3. The New Reality (Competition)

Now, imagine two (or more) stands right next to each other. This is the core of the paper.

  • The Game: Each stand tries to set the perfect fee to make the most money, but they have to guess what the other stand is doing.
  • The "Weighted Average" Rule: In the old monopoly world, a stand only looked at the "official" market price (the Oracle) to decide when to change fees.
    • The Analogy: Now, the stand doesn't just look at the official price. It looks at the average of the official price AND the price of its rival stand.
    • If the rival stand lowers its price, the first stand must react faster. The "switching point" moves. It's no longer just about the outside world; it's about the neighborhood war.

4. The Surprising Results

The authors ran thousands of computer simulations to see how this competition plays out. Here is what they found:

  • The "Smart Shoppers" Win: When there are more stands competing, the Smart Shoppers can route their orders to the cheapest stand. This means they get better deals (less "slippage," or extra cost).
  • The "Regular Customers" Pay the Price (Sometimes):
    • In a quiet market (low activity), competition makes the stands charge higher fees to regular customers to survive. The regulars get worse deals.
    • In a busy market (high activity/volatility), the stands are so busy that they actually lower fees to grab volume. In this case, the regular customers get better deals!
  • The Stands Lose Money: This is the sad part for the lemonade stand owners. Even though the total amount of lemonade sold might stay the same, the total profit for the stands goes down. Why? Because they are fighting over the same customers, driving prices down.
    • The Metaphor: It's like a price war at a gas station. If two stations are right next to each other, they keep lowering prices to steal customers. Eventually, both stations make less money than if one of them had just been alone.

5. The "Linear" Secret

The math in the paper is very complex (involving partial differential equations), but the authors found a simple pattern:

  • The optimal fee isn't a crazy, unpredictable curve. It's almost a straight line.
  • The Metaphor: You don't need a supercomputer to run the stand. You can just say, "If I have too much inventory, I lower the price. If I have too little, I raise it." This simple rule works almost as well as the complex math, which is great news for saving on computer costs (gas fees).
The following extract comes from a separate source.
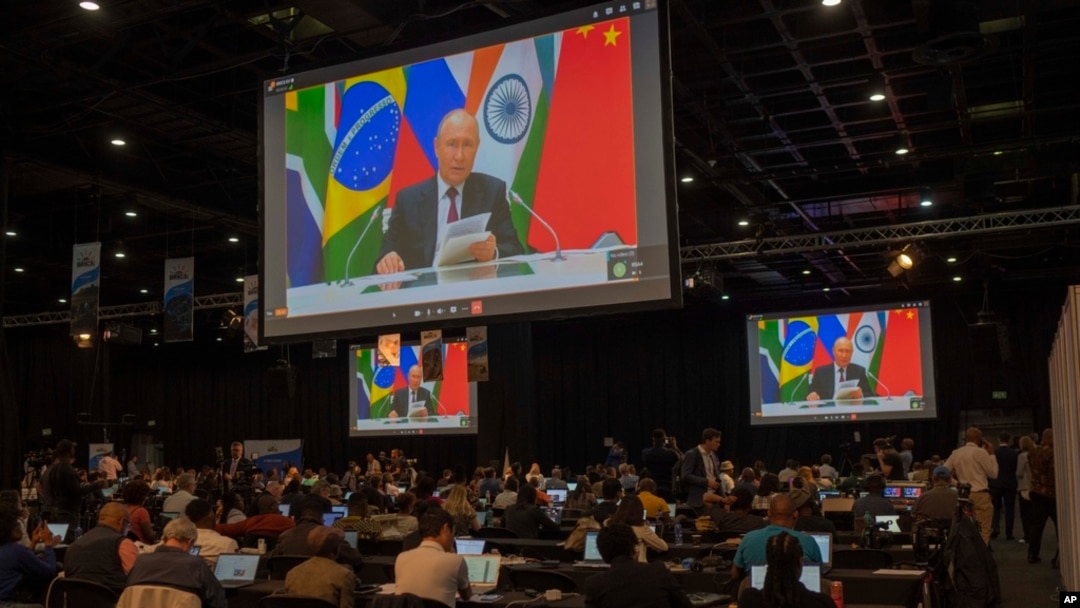 Members of the media watch Russia's President Vladimir Putin address, via videolink, the 2023 BRICS Summit in Johannesburg, South Africa, Aug. 23, 2023.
Summary: Who Wins and Who Loses?

  • The Winners: The Smart Traders (Arbitrageurs) and, in busy markets, the Regular Customers. They get better prices because the stands are fighting for them.
  • The Losers: The Lemonade Stand Owners (Liquidity Providers). They have to work harder for less profit because the competition eats into their margins.
  • The Platform: The platform hosting the stands (like Uniswap) doesn't care much; it takes a cut of the fees, and the total volume stays roughly the same.

In a nutshell: This paper proves that when automated markets compete, they become more efficient for the traders but less profitable for the people providing the money. It's a classic economic trade-off: Competition helps the buyer, but it squeezes the seller.